Knight Walker moko at kobran.org
Wed Jul 2 20:09:46 CEST 2008

On Sat, 2008-06-28 at 12:24 -0500, Nelson Castillo wrote: 
> Doesn't IM requiere permanent connection? For status updates, etc?

Not necessarily. A lot of us used IM back in the old dial-up days.

I've done a lot of thinking on this subject over the last several years
and tried several systems with my existing phone and GPRS connection.

If the IM protocol in use (I'm thinking XMPP) supports offline storage,
distributed servers, and connection encryption, and preferably a robust
message delivery system (e.g. requiring an ack for messages sent) then
it should be usable, provided the phone has a data connection. It
could/would shorten battery runtime keeping the GPRS up all the time,
but a lot of that depends on other power-saving in the device.

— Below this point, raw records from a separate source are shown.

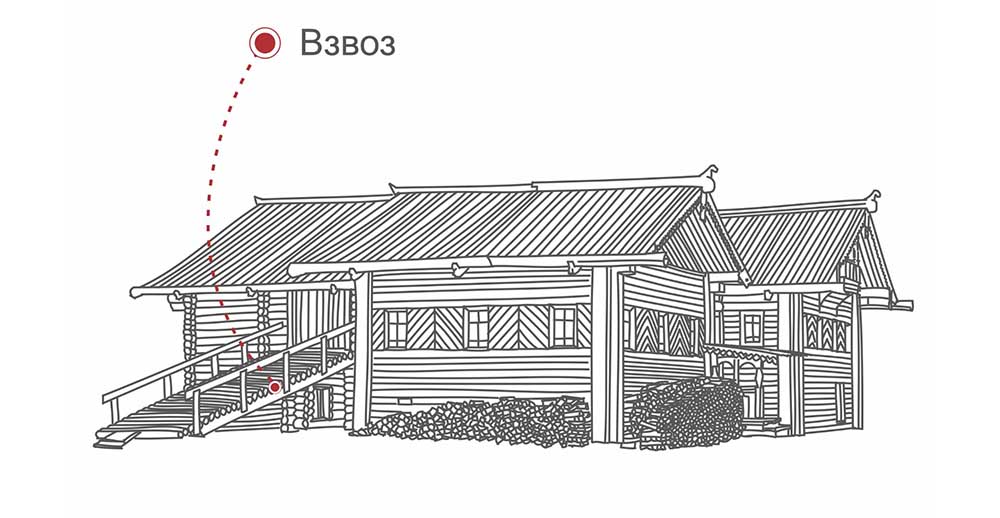 Изображение взвоза крестьянской избы(графика)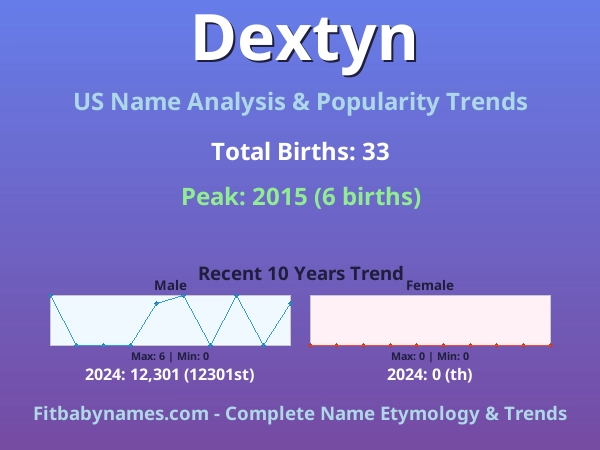 Infographic: Dextyn name meaning, origin, and popularity trends in the United States (US baby name analysis chart)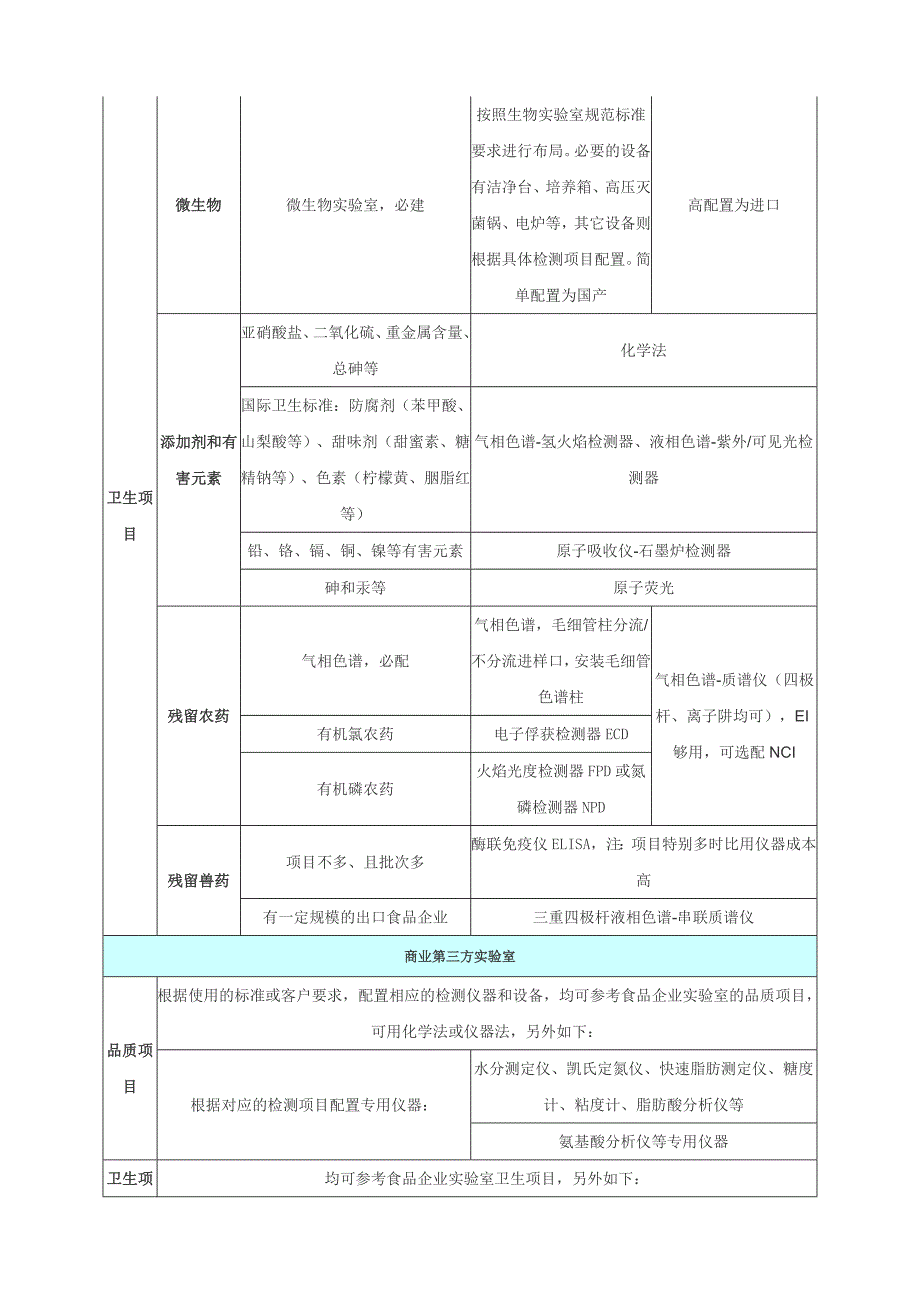 食品检测实验室仪器设备的配置_第4页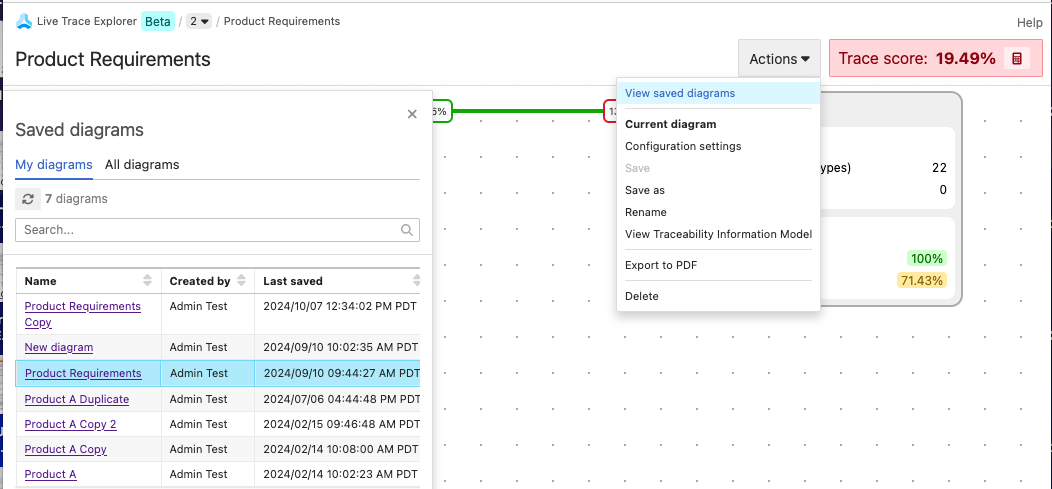 In the Live Trace Explorer UI, the Actions menu shows the View saved diagrams option is selected and the list of options below.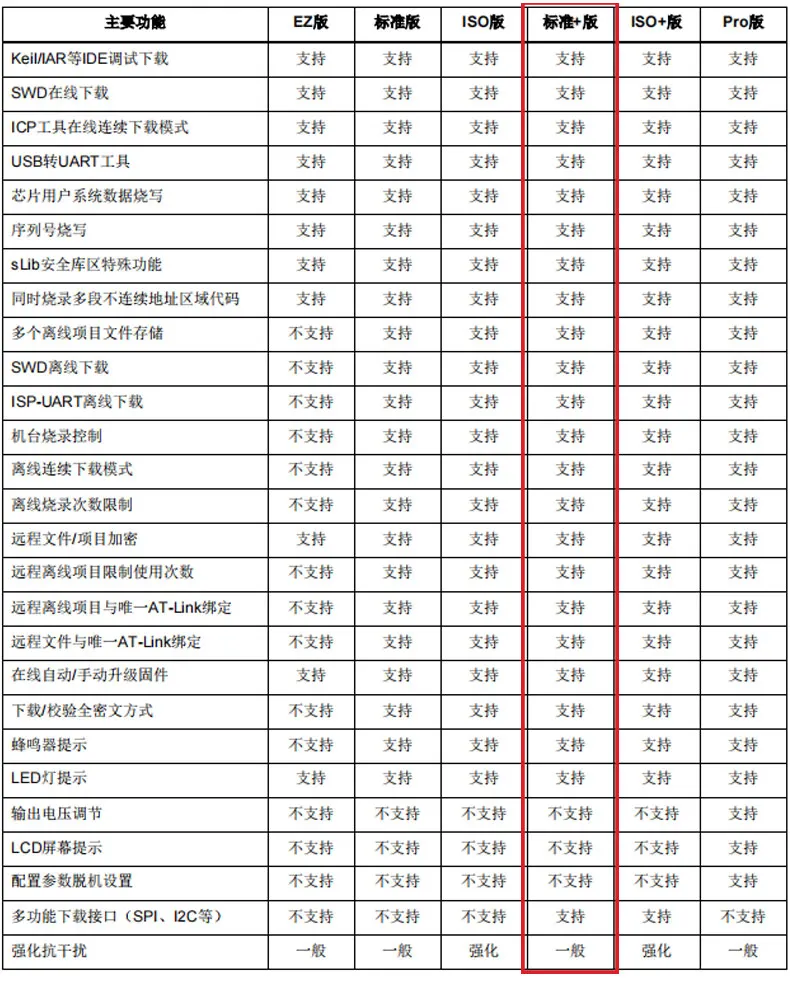 AT-Link + Atri Burner، أداة تحميل المحاكاة وتصحيح أخطاء أداة برمجة AT32MCU ATLINKPlus #6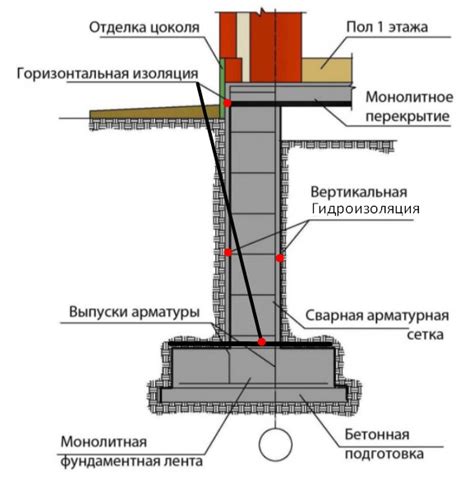 Определение подушки фундамента и ее важность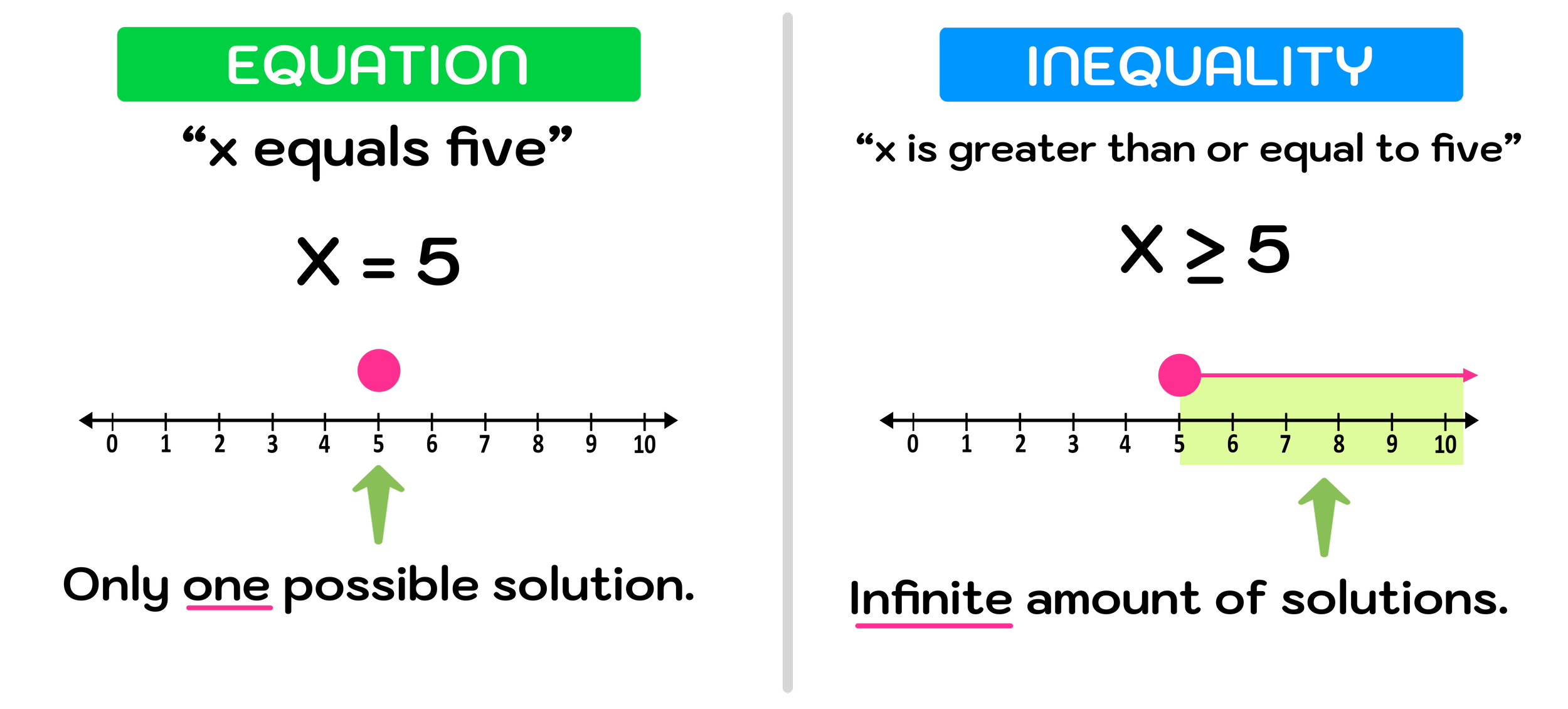 What Is the Difference Between an Equation and an Inequality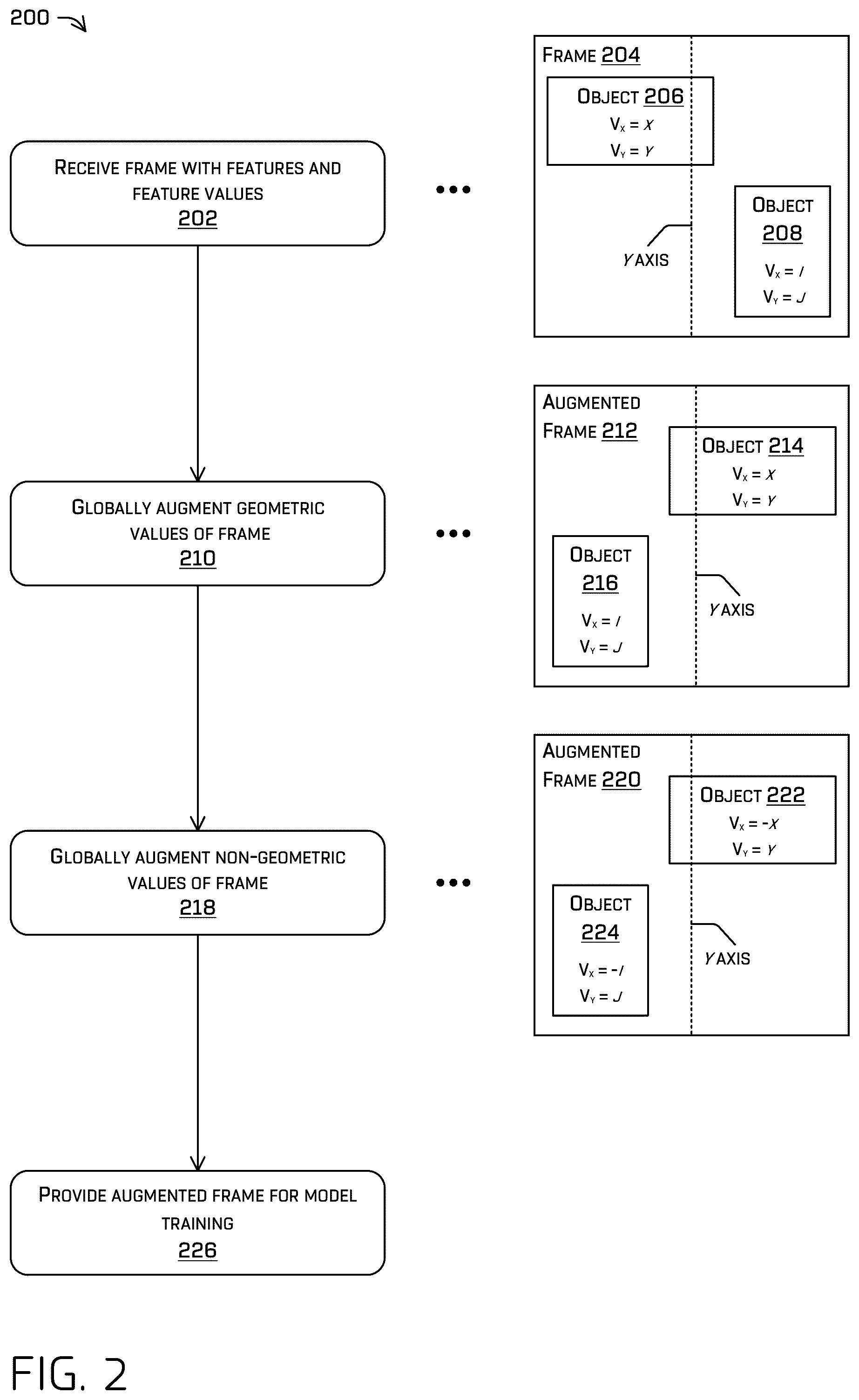 Patent US12307784 Figure 2 – Object detection using augmented data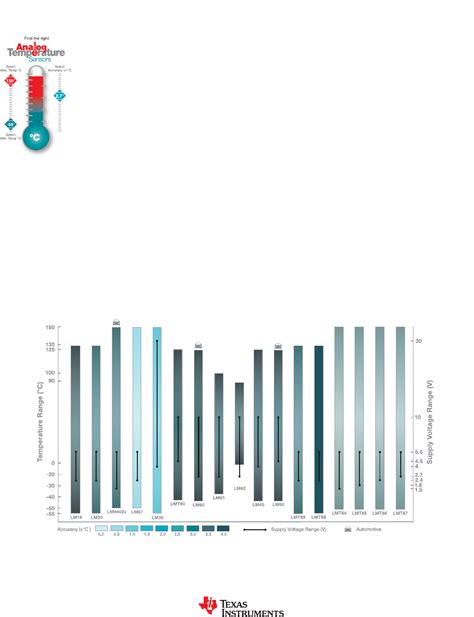 Analog Temperature Sensors Datasheet by Texas Instruments | Digi-Key ...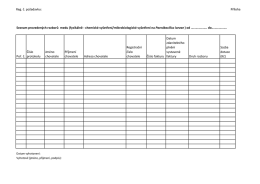 Reg. č. požadavku: Př&iacute;loha Seznam proveden&yacute;ch rozborů medu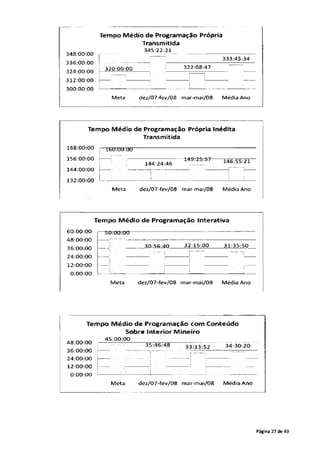 10 relatorio-gerencial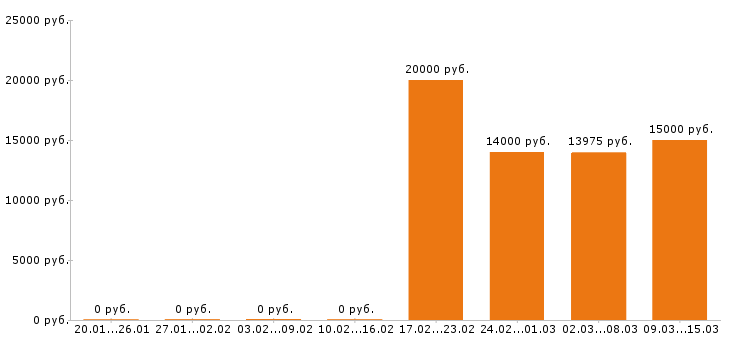 Вакансии воспитатель в Барнауле - Медиана зарплат воспитатель в Барнауле за 2 месяца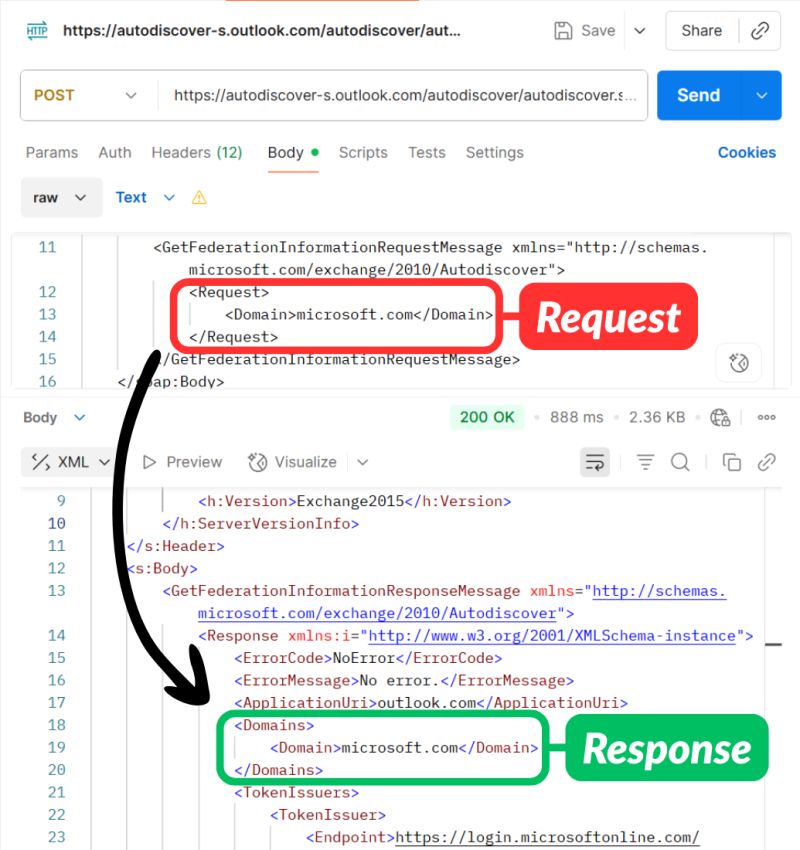 DanielatOCN's tweet image. Microsoft have now limited domains returned from the Autodiscover endpoint, impacting ๐๐๐๐๐ tools > ourcloudnetwork.com/planned-changeโฆ
A blow to security peeps, but a win for defenders. Previously, you could make an ๐ฎ๐ง๐๐ฎ๐ญ๐ก๐๐ง๐ญ๐ข๐๐๐ญ๐๐ request to Autodiscover and return aโฆ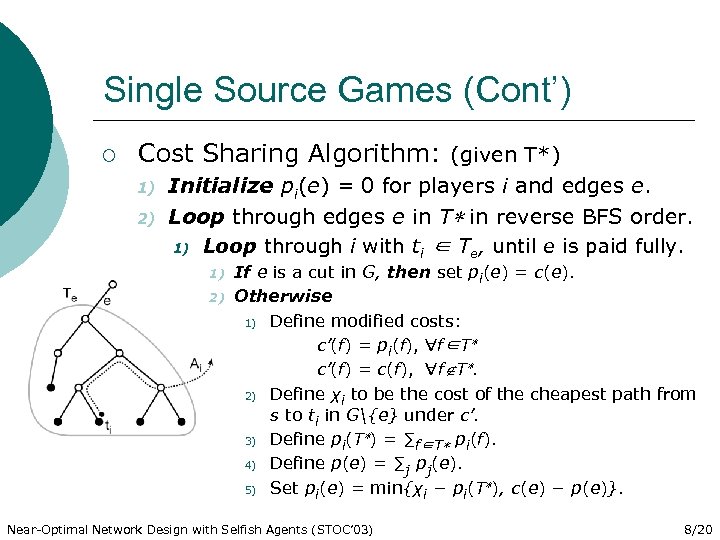 Single Source Games (Cont’) ¡ Cost Sharing Algorithm: (given T*) 1) 2) Initialize pi(e)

If the user has very limited data connection (e.g. only WWW (Port 80),
and MAIL (Ports 25, 110, 143, 587, 993) then a proxy of some kind would
be necessary. The proxy would need to maintain the user's login to the
IM network and provide storage of messages sent by the client program
(running on the phone).

For those with no data connections, something involving SMS (And
eventually MMS if/when it's ever ported) would need to be created. A lot
of provider IM programs (At least the ones I've used) rely on SMS to
transport messages to/from the phone.

> I'd like to know what you think about two things:
> 1) We know email is broken (at least unsafe and prone to spam)
> 2) What is the best alternative for this scenario? Is it really IM?
> 3) Are there other (IP-based) protocolos suitable for delivering the
> encrypted messages?

Honestly, for the usage pattern I reckon most people will use (based on
my existing usage of SMS and the various people who I correspond with),
SMS is just phone-based IM, so extending real IM to the phone,
especially with an extensible format like XMPP can be a real boon.
E-mail is still (IMHO) a bit heavy (More than 1k in headers to deliver a
one-line message).

I don't remember right now if XMPP provides for a compressed transport,
but I do know that by default it encrypts the connection.